Fabryka Saaba znów ruszyła z pracą, zaś jej mury opuszcza na razie jedynie model 9-3 Aero. To znana konstrukcja, ponieważ nie zmieniła się zbytnio od czasu kiedy to miały miejsce największe problemy szwedzkiej marki. Obecnie produkowane auto przeszło niewielki facelifting, jednak istnieje możliwość, że właśnie ono wyciągnie firmę z tarapatów.

Pierwszy egzemplarz nowego Saaba 9-3 Aero już zjechał z lini montażowej, jednak zamówienia na pojazdy będą przyjmowane od 10 grudnia br. za pomocą strony internetowej www.saabcars.com. Jeśli chodzi o sam model to jest on niemal identyczny z tym, który był oferowany jeszcze przed bankructwem firmy. Za bazę nowego samochodu posłużyła wersja po faceliftingu z roku 2011, oparta na II generacji pojazdu.

Niestety na karoserii nie znajdziemy słynnego logo z gryfem, gdyż prawa do niego ma firma Scania oraz spółka Saab AB, która wytwarza pojazdy militarne i systemy bezpieczeństwa. Teraz zamiast gryfa na masce widnieje napis Saab.

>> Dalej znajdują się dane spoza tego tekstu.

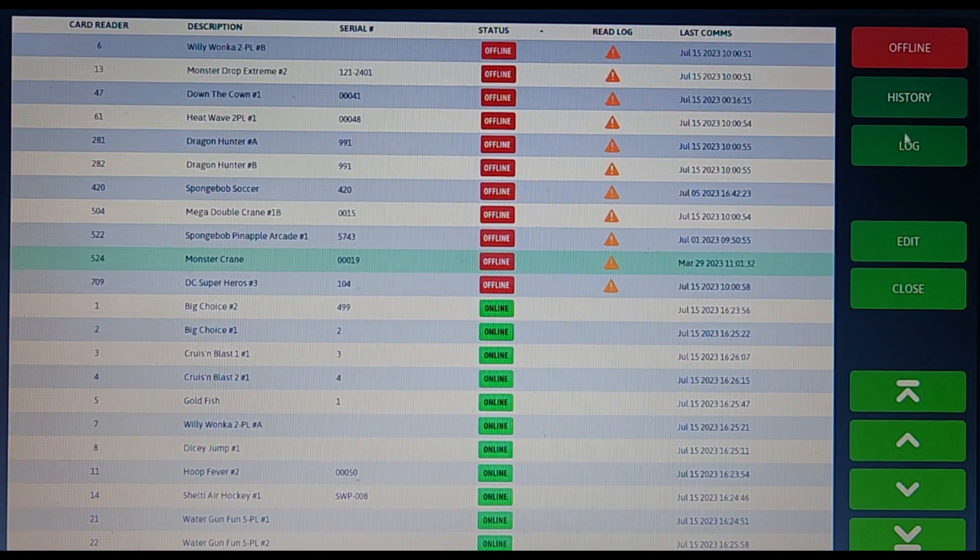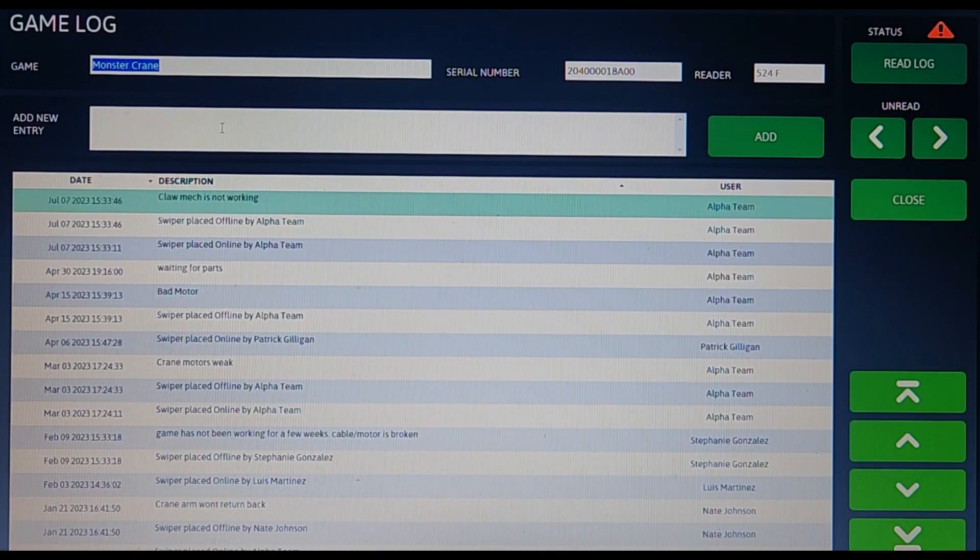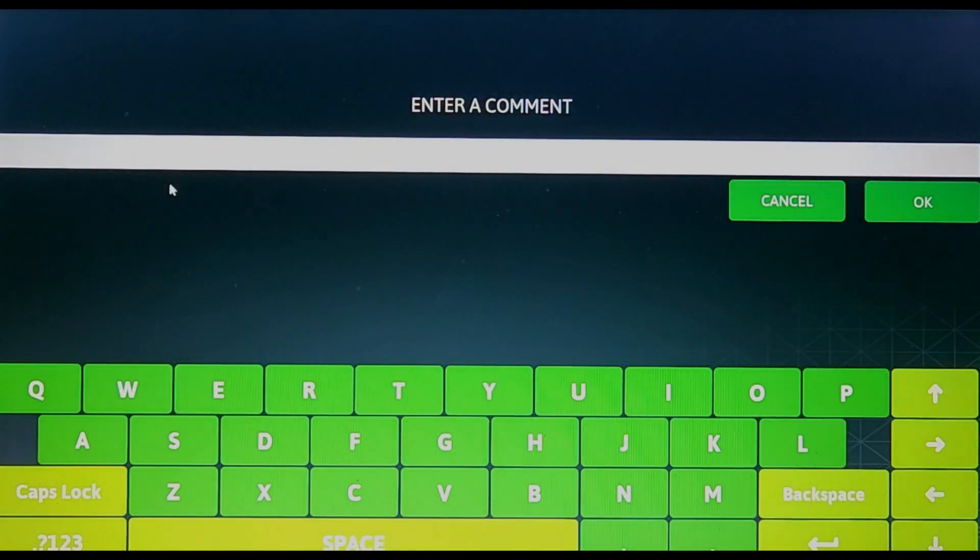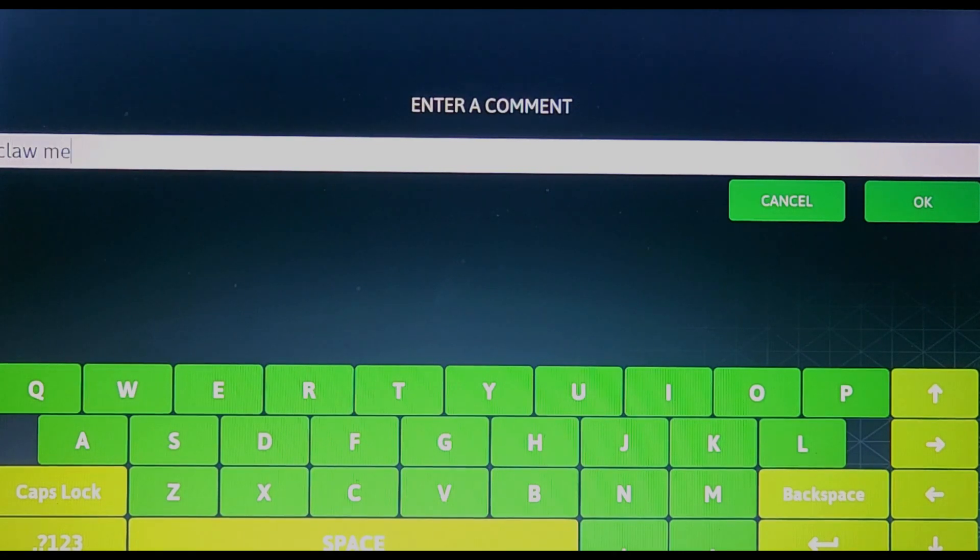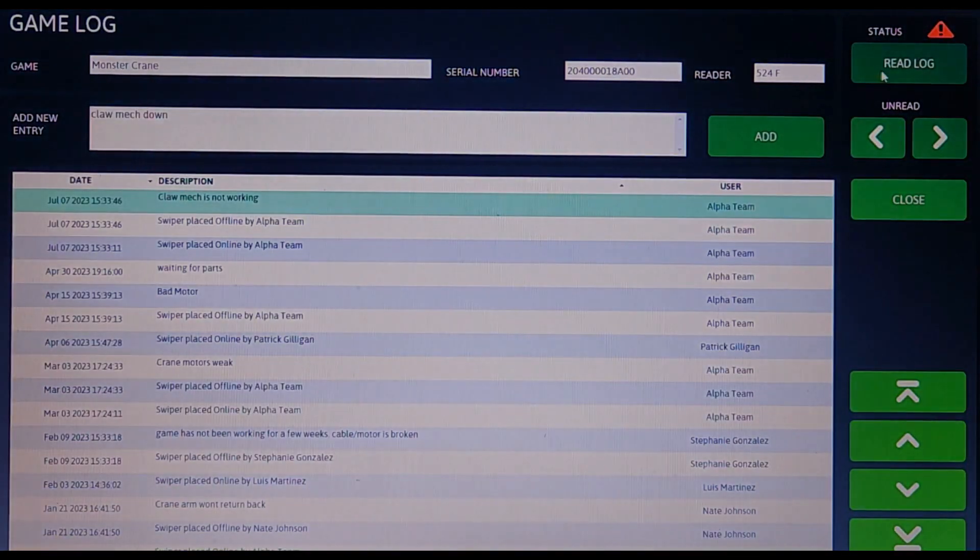When you do this, another page will pop up. This screen will show you the history of the game's breakdown log. Now to finish putting a game offline, select the add new entry box and type the reason for turning the game offline. Select OK and then press add.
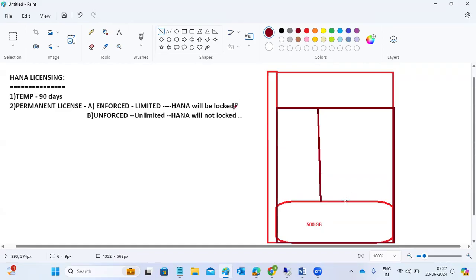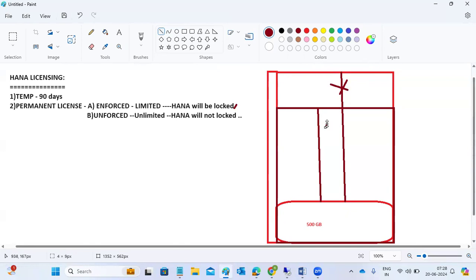With unenforced (unlimited/postpaid), you are free to use the remaining memory as well — it will not be locked. This is called unenforced. There is a small difference between enforced and unenforced licensing. You can get a free license or a paid license from SAP. Whether you purchase enforced or unenforced depends on your usage requirements.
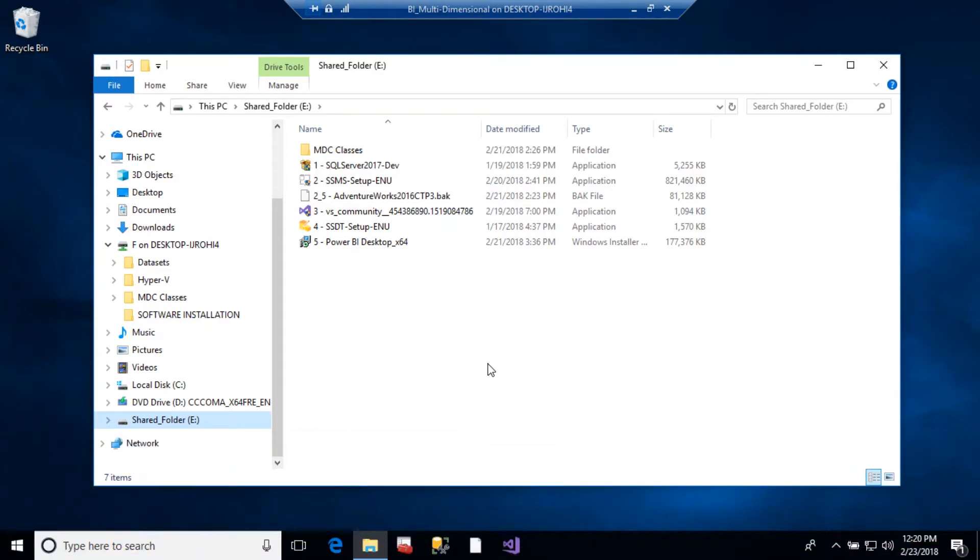The only downside of using this method is the fact that you have to turn your virtual machine off and then connect your hard drive to your host computer to be able to add files.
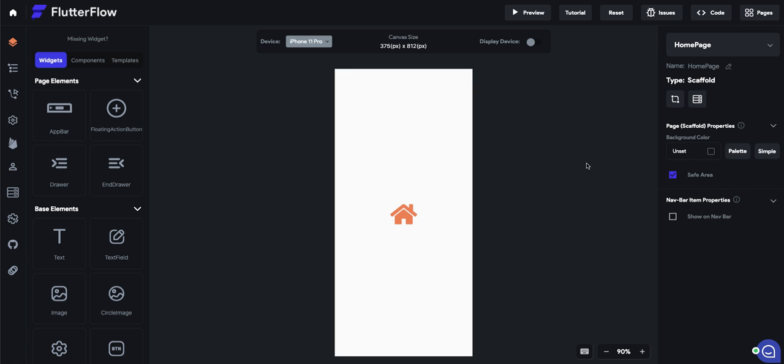Welcome to the FlutterFlow navbar tutorial, where we're going to show you how to build a navigation bar at the bottom in under three minutes.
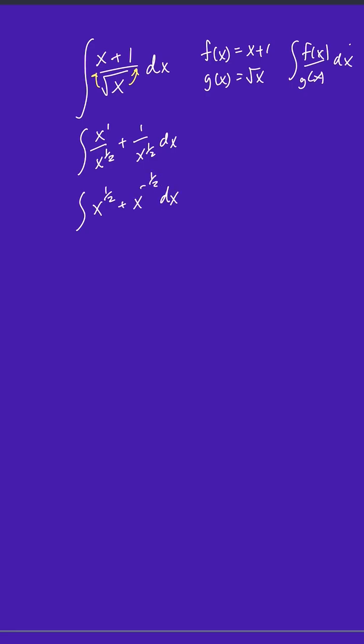Now we can apply the reverse power rule. When we do that, we're essentially adding 1 here, adding 1 here. That becomes 3 halves. This becomes equal to 1 half. And then we multiply by the reciprocal.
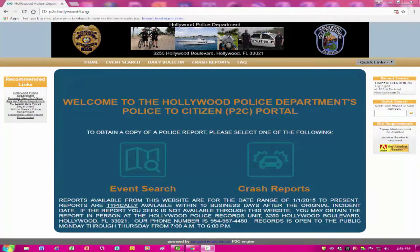Welcome to the Hollywood Police Department's Police to Citizen, or P2C, portal. This website will allow users to obtain most police reports online. The site is very user-friendly and is best supported by utilizing the Google Chrome browser. This tutorial will provide you with step-by-step instruction to assist you with navigating through this website.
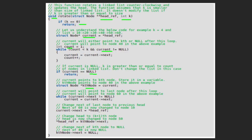After this, we traverse the remaining list using the current pointer until current reaches the last node of the linked list. So after this traversal, current will point to 60, which is the last node of the linked list 10, 20, 30, 40, 50, 60. So now current is pointing to 60, kth_node is pointing to 40, and head is pointing to 10.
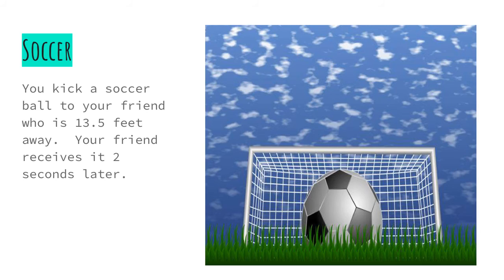So let's change to a math problem. You're playing soccer. You kick a soccer ball to your friend who is 13 and 5 tenths feet away. Your friend receives it two seconds later.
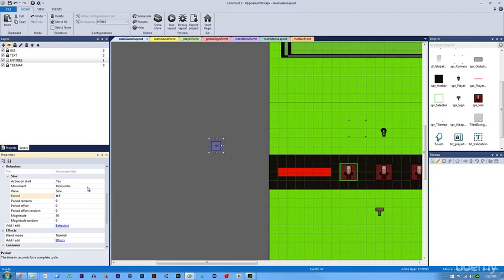And then our magnitude is going to be how far back it goes and how forward it's going to go. We're going to put this down to 5, that way it's not too big.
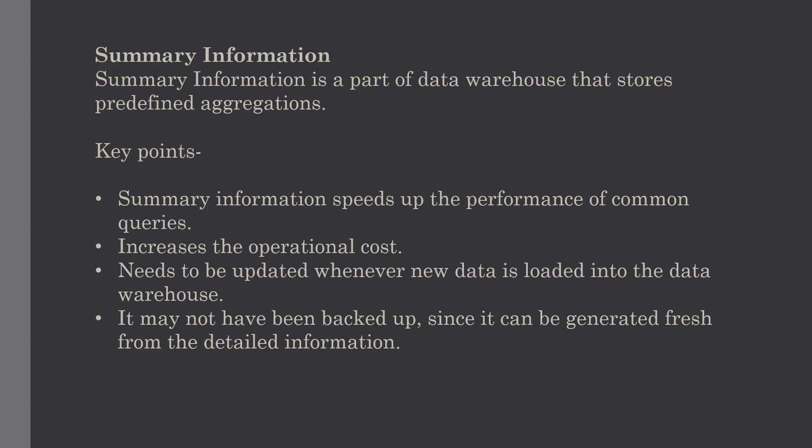Our last topic in the data warehouse architecture is summary information. Summary information is a part of data warehouse that stores predefined aggregations. These aggregations are generated by the warehouse manager. The summary information must be treated as transient - it changes on the go in order to respond to changing query profiles.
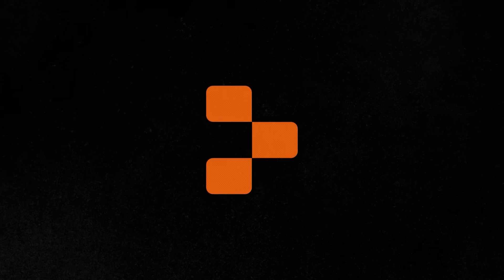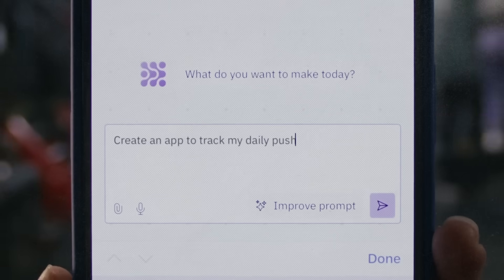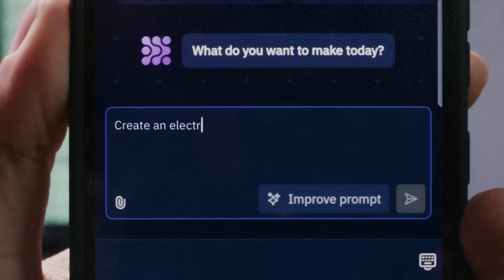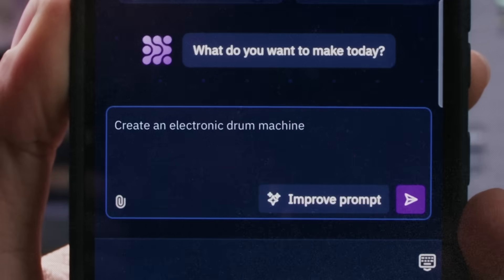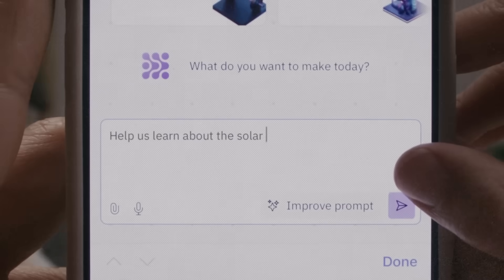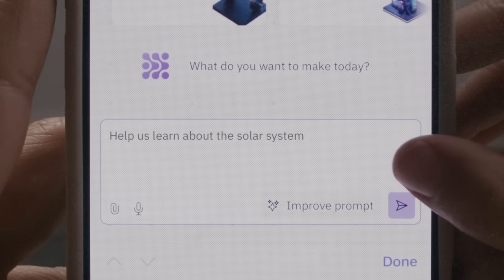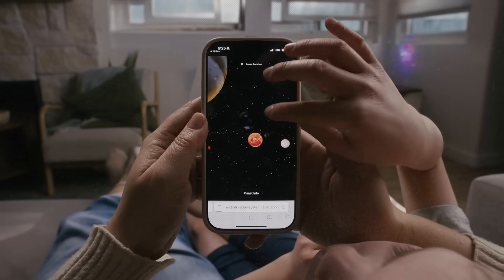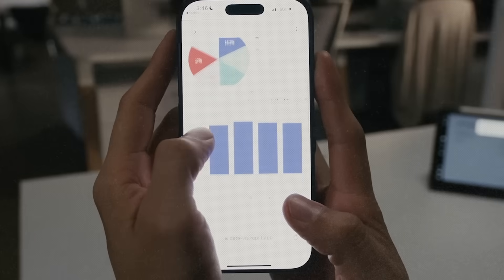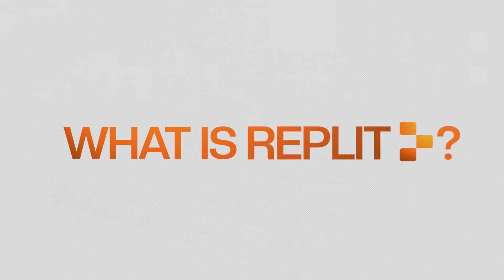And today I want to tell you about the best Vibe Coding app out there called Replit, which I've been using over the past year and have just absolutely loved the user experience and the potential of building full-scale apps and deploying them for people to use. First things first, what is Replit?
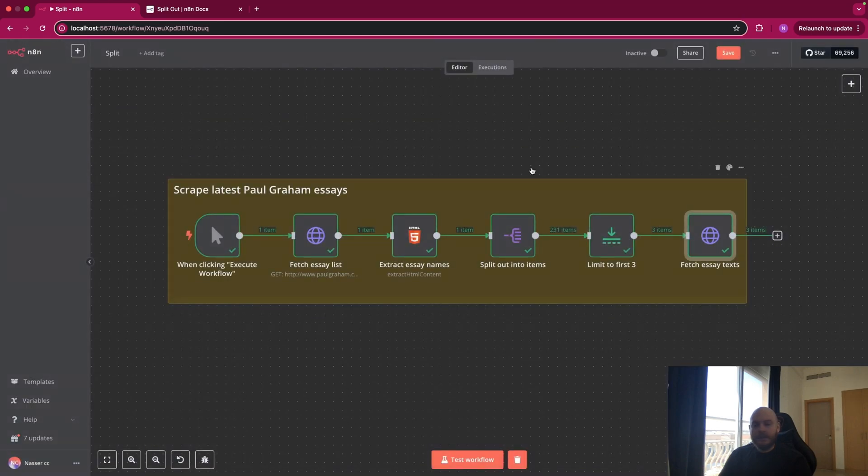So I think that's it. Let me know in the comments if you have any questions on the split out node. Thank you for watching.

Sprawdź: Saab znów produkuje auta! Szwedzi wznowili wytwarzanie modelu 9-3 Aero w fabryce Trollhattan

Pod maską nowego 9-3 Aero zagościł trubodoładowany, benzynowy silnik o pojemności 2-litrów, który rozwija 220 KM. Klienci będą mogli wybrać odmianę z manualną lub automatyczną skrzynią biegów.

Ceny auta rozpoczynają się od 279 000 koron szwedzkich (około 132 000 zł) za wersję z "manualem" i od 289 000 koron szwedzkich (około 137 000 zł) za wariant z przekładnią automatyczną. Sprzedaż Saaba 9-3 Aero ruszy początkowo jedynie w Szwecji, zaś od drugiego kwartału 2014 roku auto w konfiguracji elektrycznej będzie oferowane także w Chinach.